Meeting the limit of Plotly maps

data analysis

prison map

In trying to make an animated prison map, I’ve reached one of Plotly’s limits

Published

2024-03-23

Previously, I have used Plotly to make a map of UK prisons, and built a data model for how they change over time. I had hoped to be able to combine these, but I think I’ll have to change tack to make the animated map I had planned.

Data extraction

First, I need the data. I’m using Plotly’s scatter_mapbox() to create the map. The plan is to have the colours represent the operator, the size represent the operational capacity, then animate over time. I had a nice little tooltip on the static version of the plot, so it would be nice to include other information like the type of prison on that. This means each row of the table needs to contain:

Prison name
Latitude
Longitude
Prison type
Operational capacity
Operator
Date

SQL

For my friend to update the data as he finds it, I have a spreadsheet. For my own purposes, however, I have an sqlite database. Partly I’m hoping having it in this format will help protect me from the perils of spreadsheets, partly I want an excuse to use SQL. I’ve explored SQL through coding problems, but haven’t really used it for anything practical.

Show the code

import sqlite3
import pandas as pd
import itertools
import plotly.express as px

# Connect to the database
conn = sqlite3.connect('data/prisons.db')

# Perform SQL query
query = """
SELECT 
    s.latitude, 
    s.longitude, 
    p.prison_name, 
    pt.prison_type, 
    pc.operational_capacity, 
    od.operator, 
    od.start_date AS date 
FROM 
    sites s
JOIN 
    prisons p ON s.site_id = p.site_id
JOIN 
    prison_types pt ON p.prison_id = pt.prison_id
JOIN 
    prison_capacities pc ON p.prison_id = pc.prison_id
JOIN 
    operator_dates od ON p.prison_id = od.prison_id
WHERE 
    (pt.prison_type, pc.operational_capacity, od.operator, od.start_date) IN (
        SELECT DISTINCT 
            prison_type, 
            operational_capacity, 
            operator, 
            operator_dates.start_date 
        FROM 
            prison_types 
        JOIN 
            prison_capacities ON prison_types.prison_id = prison_capacities.prison_id
        JOIN 
            operator_dates ON prison_types.prison_id = operator_dates.prison_id
    )
"""

# Execute the query
df = pd.read_sql_query(query, conn)
conn.close()

I’m about to go through the SQL query in some detail. If that sounds dreadful, you should probably skip ahead to the next section.

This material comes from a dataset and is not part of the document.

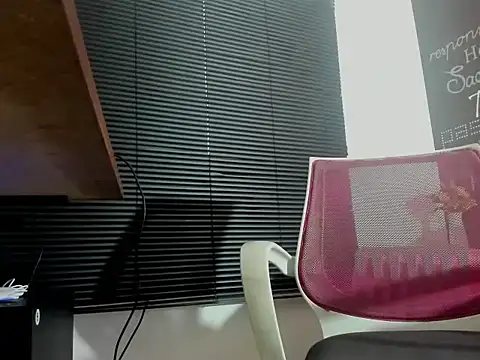 Megam  online show from 09-10-25, 09:04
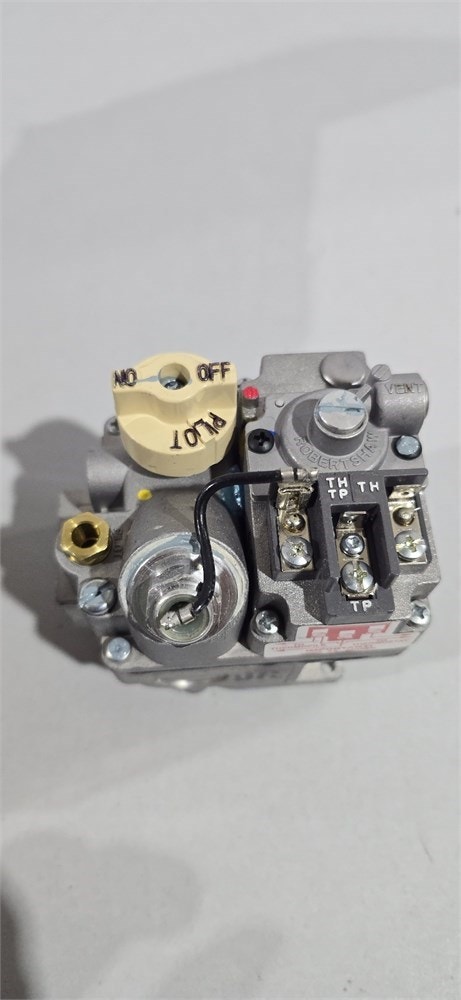 ClimaTek Replacement Gas Valve 343-701-400 for Robertshaw - photo 3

The basic stuff is at the top. The SELECT statement describes the kind of table that plotly needs, with the correct fields. The FROM and JOIN statements mean we can get all of the data from the tables in the database, using the relationships set up in the data model.

The interesting part is in the WHERE clause. You might notice that the code inside the brackets looks a bit like the overall query. This is a subquery that makes a makes a table with a row for every time there is a new operator for a prison. This works by combining every DISTINCT value taken from these tables. This won’t do exactly what I want in the end: I’m going to want a new row for every time any of these attributes changes, but it’s good enough to start creating this map.

Data manipulation

Cleaning

For some of the values in this table, the dates might be parsed as timestamps. For any dates in the original data, the values will be a four digit integer, as a string. We will tidy these up and initially simply have them as an integer for the year. We also have prisons dating back a long way; for example, the Marshalsea was open from 1373-1842. However, there was not much change back then, so the map is fairly boring early on, and the interesting stuff only comes along in the 20th century, so we can filter out events before then to show a more informative range.

Show the code

df.dropna(inplace=True)
df['date'] = df['date'].apply(lambda x: x.year if isinstance(x, pd.Timestamp) else int(x))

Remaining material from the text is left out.